Definition: Let $(G,\cdot )$ be a group and let $(H,\cdot )$ be a subgroup. Let $g\in G$ . Then the Left Coset of $H$ with Representative $g$ is the set $gH=\{gh:h\in H\}$ . The Right Coset of $H$ with Representative $g$ is the set $Hg=\{hg:h\in H\}$ .

When the operation symbol “ $+$ ” is used instead of $\cdot$ we often denote the left and right cosets of $H$ with representation $g$ with the notation $g+H$ and $H+g$ respectively.

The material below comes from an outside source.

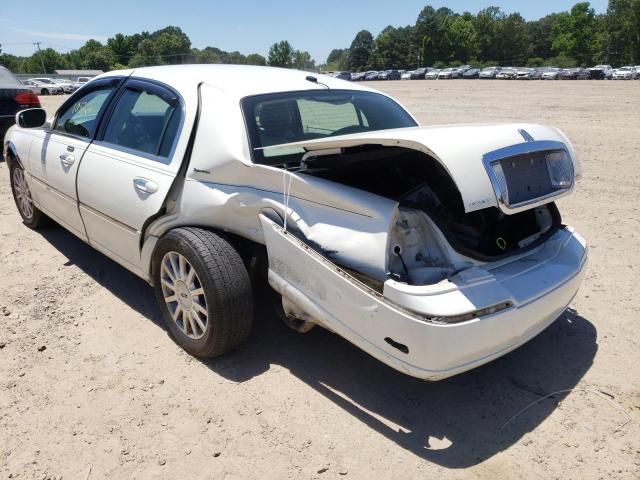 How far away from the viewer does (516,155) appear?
2.36 meters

For example, consider the group $(\mathbb {Z} ,+)$ and the subgroup $(3\mathbb {Z} ,+)$ . Consider the element $2\in \mathbb {Z}$ . Then the left coset of $3\mathbb {Z}$ with representative $2$ is:

{\begin{aligned}\quad 2+3\mathbb {Z} =\{2+h:h\in 3\mathbb {Z} \}=\{...,-1,2,5,...\}\end{aligned}}

And the right coset of $3\mathbb {Z}$ with representative $2$ is:

{\begin{aligned}\quad 3\mathbb {Z} +2=\{h+2:h\in 3\mathbb {Z} \}=\{...,-1,2,5,...\}\end{aligned}}

In this particular example we see that $2+3\mathbb {Z} =3\mathbb {Z} +2$ . But in general, is $gH=Hg$ for a given subgroup $(H,\cdot )$ of $(G,\cdot )$ and for $g\in G$ ? The answer is NO. There are many examples when left cosets are not equal to corresponding right cosets.

To illustrate this, consider the symmetric group $(S_{3},\circ )$ . Let $G=\{\epsilon ,(12)\}$ . Then $(G,\circ )$ is a subgroup of $(S_{3},\circ )$ since $G\subset S_{3}$ , $G$ is closed under $\circ$ , and $\epsilon ^{-1}=\epsilon$ , $(12)^{-1}=(12)$ (since $(12)$ is a transposition). Now consider the element $(13)\in S_{3}$ . Then the left coset of $G$ with representative $(13)$ is:

{\begin{aligned}\quad (13)G=\{(13)\circ h:h\in G\}=\{(13)\circ \epsilon ,(13)\circ (12)\}=\{(13),(123)\}\end{aligned}}

And the right coset of $G$ with representative $(13)$ is:

{\begin{aligned}\quad G(13)=\{h\circ (13):h\in G\}=\{\epsilon \circ (13),(12)\circ (13)\}=\{(13),(132)\}\end{aligned}}

We note that $(123)\neq (132)$ and so $(13)G\neq G(13)$ !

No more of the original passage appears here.